En Californie et en Arizona, des robotaxis prennent déjà en charge des passagers. Mais l’Inde n’est pas les Etats-Unis. Là-bas, les routes sont rectilignes et les règles claires.

Lorsque le rêve de la voiture autonome a commencé à prendre forme, il y a quinze ans, beaucoup d’ingénieurs se sont dit qu’il suffisait d’apprendre les règles de conduite à l’ordinateur, et que le problème serait réglé. Freiner devant un passage piéton et s’arrêter au feu rouge, c’est facile. Ce qui l’est moins, c’est quand quelque chose d’imprévisible se produit.

Les fondateurs de Minus Zero, Gagandeep Reehal et Gursimran Kalra, trouvaient tous deux les voitures cool. © Laura Höflinger/Der Spiegel

Dans le milieu, on appelle cela le «problème de la longue traîne»: un système s’entraîne sur des millions de kilomètres de routes calmes, puis survient le cas atypique, et l’IA trébuche. Non pas parce qu’elle serait stupide, mais parce que certaines situations sont si rares qu’il n’existe aucun précédent: un matelas qui glisse d’un camion sur l’autoroute, une procession de mariage qui se met à danser sur la chaussée, un rickshaw qui déboule à vive allure à contresens…

«Un bon conducteur ne se contente pas d’appliquer des règles, souligne Reehal. Il sait réagir lorsque les circonstances deviennent imprévisibles.»

Il faut une certaine imagination pour présenter la circulation indienne comme un avantage concurrentiel. Mais en matière d’imprévisibilité, l’Inde a effectivement une longueur d’avance. Reehal énumère, tout sourire: dos-d’âne non signalés, nids-de-poule, lignes qui disparaissent puis réapparaissent… Le fondateur se réjouit de cette «profusion de données»: «Quand on sort de Bangalore, on croise des éléphants.»

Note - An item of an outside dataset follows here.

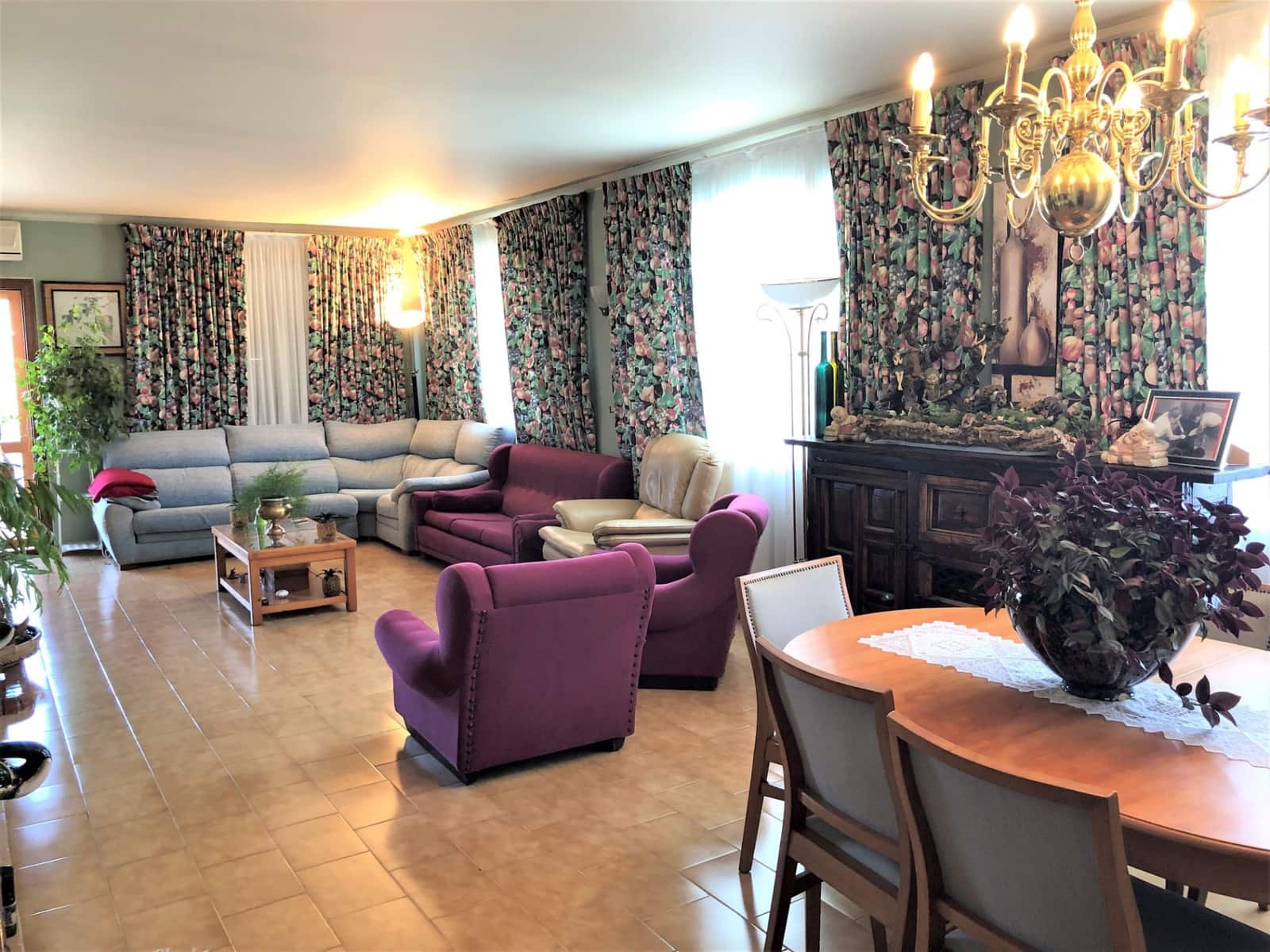 8 bedroom Villa for sale in Pedreguer with pool garage - € 595,000 (Ref: 5036243)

En parlant d’animaux: des vaches se meuvent librement au milieu des hommes, dans les métropoles indiennes de plusieurs millions d’habitants, et restent plantées stoïquement au milieu de la circulation. Des îlots mouvants qu’il vaut mieux ne pas bousculer. Car pour beaucoup d’Indiens, les bovins sont sacrés.

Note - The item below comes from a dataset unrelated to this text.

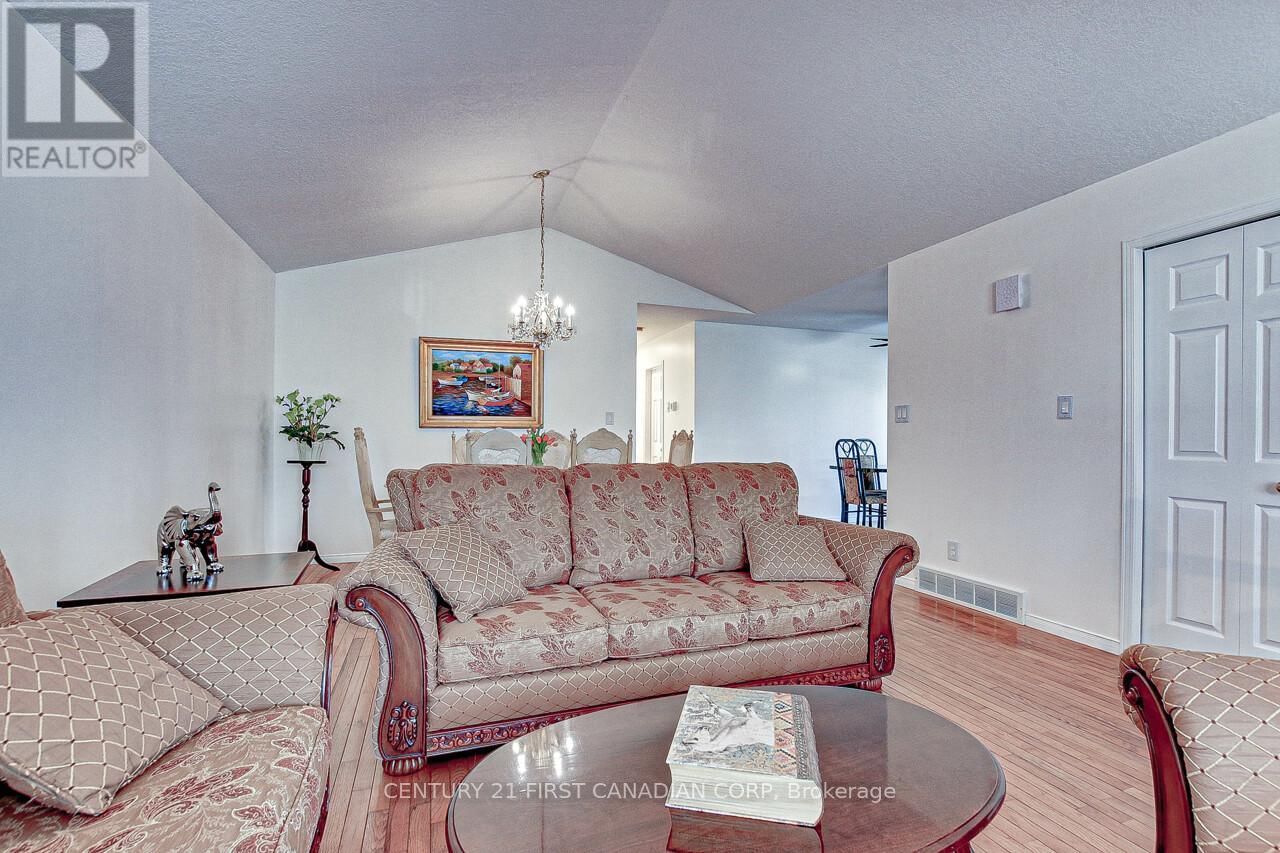26 STONEYCREEK PLACE Image 10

Un projet pilote avec un constructeur allemand

Reehal envisage de mettre en place un système d’auto-apprentissage qui ne s’effondre pas au moindre imprévu. Une approche que suit aussi Tesla, sauf que Minus Zero ne fabrique pas de voitures. Il veut fournir des logiciels aux entreprises qui produisent d’excellents véhicules, mais peu de code. Y compris en Occident.

Un projet pilote est d’ailleurs en cours avec un constructeur automobile allemand, affirme Reehal. Il refuse toutefois d’en dévoiler le nom. Sa start-up est aussi en train de développer un pilote automatique pour les longs trajets sur autoroute destiné à une entreprise indienne de transport routier.

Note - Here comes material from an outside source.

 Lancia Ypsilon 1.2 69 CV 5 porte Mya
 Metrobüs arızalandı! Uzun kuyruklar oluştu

«Je ne pense pas que les voitures autonomes deviendront la norme, en Inde, dans les dix années à venir», admet Reehal. Notamment en raison des coûts. Il y est en effet moins cher d’employer un chauffeur que d’acheter une voiture neuve intelligente. Mais pour lui, l’Inde représente un terrain d’entraînement idéal, le chaos servant de support pédagogique.

L’homme ou la machine. Celui qui réussit en Inde réussira partout.